Knowledge & innovation brokers: lubricating knowledge development & innovation in networks


Eelke Wielinga, LINK Consult, The Netherlands
Laurens Klerkx, Wageningen University, The Netherlands
Michael Kuegler, European Union

If you have any questions regarding this workshop, please turn directly to the convenors by sending an email.


Relevant knowledge for stakeholders in farming systems is emerging from interaction, rather than streaming from research to users. Intermediary actors, bringing stakeholders together and lubricating the mutual learning process, appear to be crucial. Who are performing this role? What do they do? What is the position of researchers in such processes? In this workshop we look for experiences and insights.


The classical distinction between knowledge generation, knowledge dissemination and utilization does not apply anymore to the reality of farming systems (if it ever did). Instead, relevant knowledge emerges from interaction in networks between stakeholders. Actors, who have been variously been called knowledge brokers, innovation brokers, intermediaries and free actors,  stimulating the mutual learning process, are crucial.
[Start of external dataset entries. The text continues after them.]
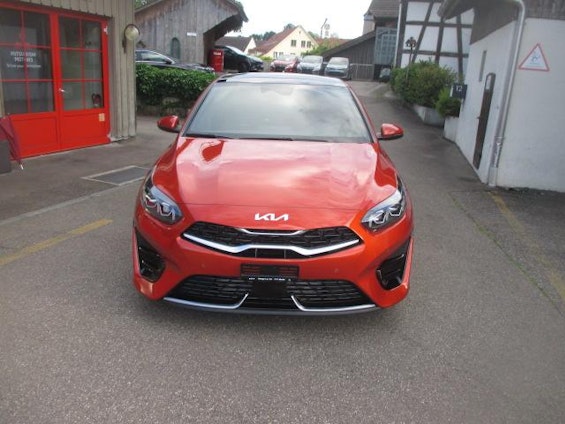 First vehicle image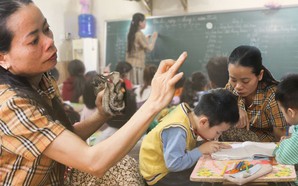 Người “vá” những mảnh đời "khuyết"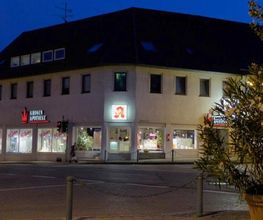 Aussenansicht der Kronen-Apotheke Gschwend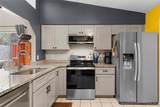 2479 Sedgefield Avenue - Photo 3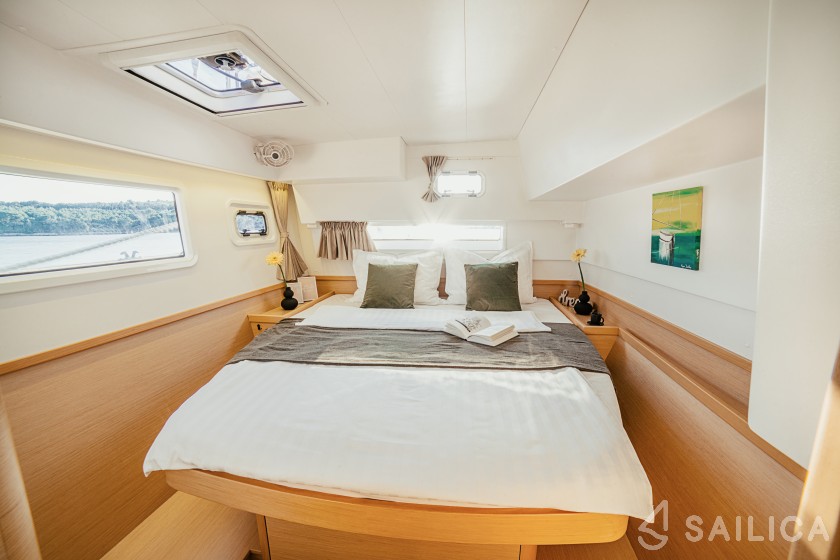 Lagoon 42 - Yacht Charter Sailica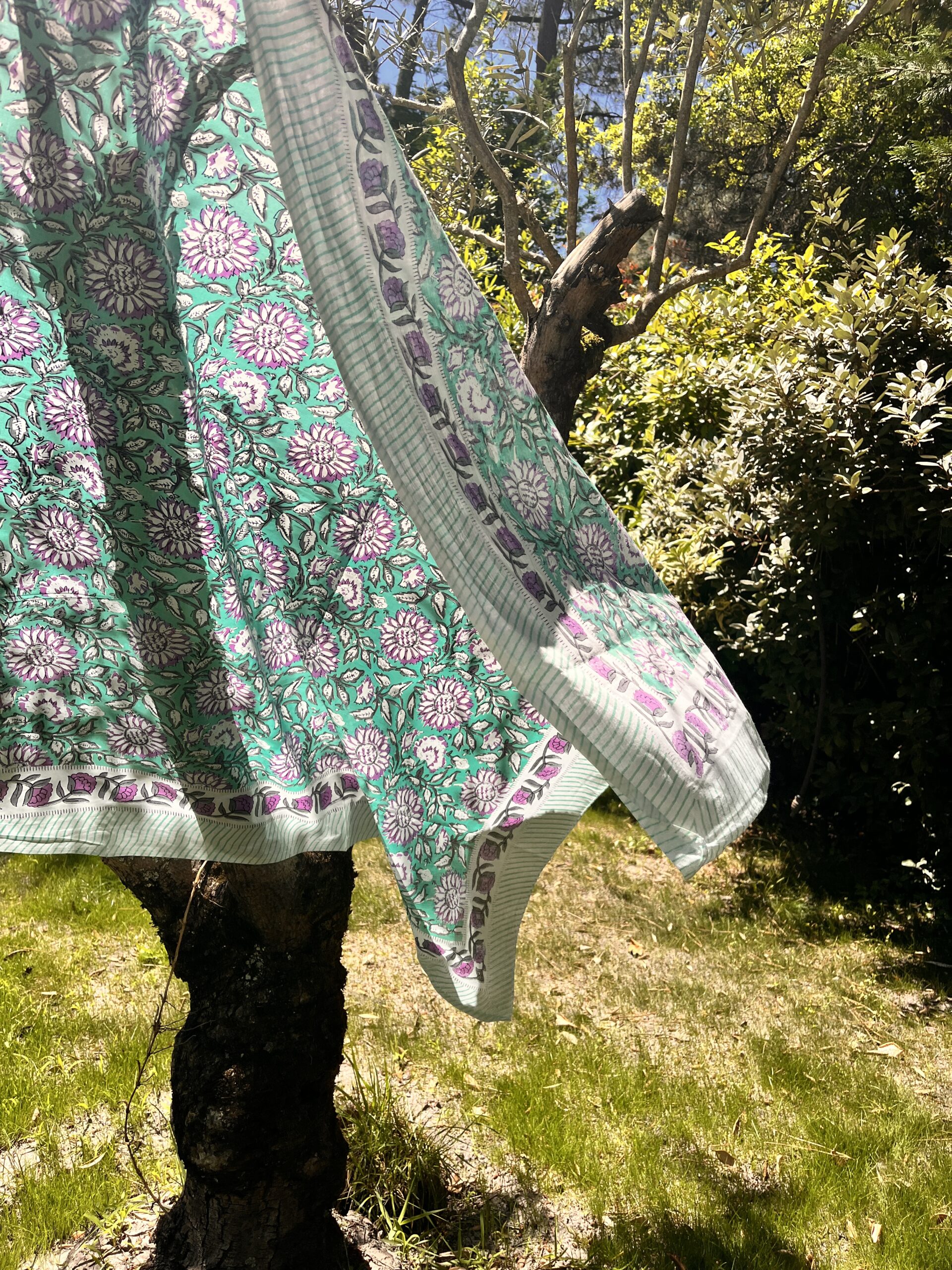 paréo sarong indien voile de coton indien leger fleuri doux coloré jane rouge bleu blanc vert orange gris taupe citron bordure decorée pour la plage Ma Jungle family céladon violet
This is also being recognized in recent thinking, for example, about new roles of agricultural advisors by the Global Forum on Rural Advisory Services, and ideas on ‘European Innovation Partnerships’. In this constellation researchers and advisors still play a pivotal role, but different from what usually was assumed before. Stimulating and guiding the process of learning with stakeholders calls for repositioning the researcher and advisors, while also other players can do part of the job. This is why the issue of actors acting as brokers and facilitators became important, as intermediaries lubricating the process. Another term in use is the ‘Free Actors’, referring to those intermediate actors who do whatever is needed to connect the stakeholders and generate energy in the network. They do so with or without a mandate. If you watch successful networks, you can always identify such actors. The switch of at least one person from following the task description to acting autonomously and playing creatively with the given structure appears to be indispensable for a creative and innovative process.

We call for papers on experiences with knowledge brokers or whatever intermediate actors in stimulating innovation are being called. It is interesting too to hear stories from practitioners, not being in the position of a researcher. Lead questions are:
> What strategies can intermediaries/brokers follow for being effective? What makes them effective? When are they effective?
> How can students and professionals be trained for this role? What does it imply for agricultural advisors?
> Is it possible to make a task description for an intermediary/broker, while learning processes for innovation are so full of uncertainties?
> How can such intermediary actors be managed: how much space do they need, and what can a manager do if they go off track?
> How can this intermediary task be evaluated, while it is impossible to predict what it will include, and the actual contribution is often hard to distinguish?

Workshop process

Oral presentations of the papers (10 minutes each), are followed by round table discussions, focussing on the key questions as listed above. What answers can be found?  What dilemmas call for more attention and research?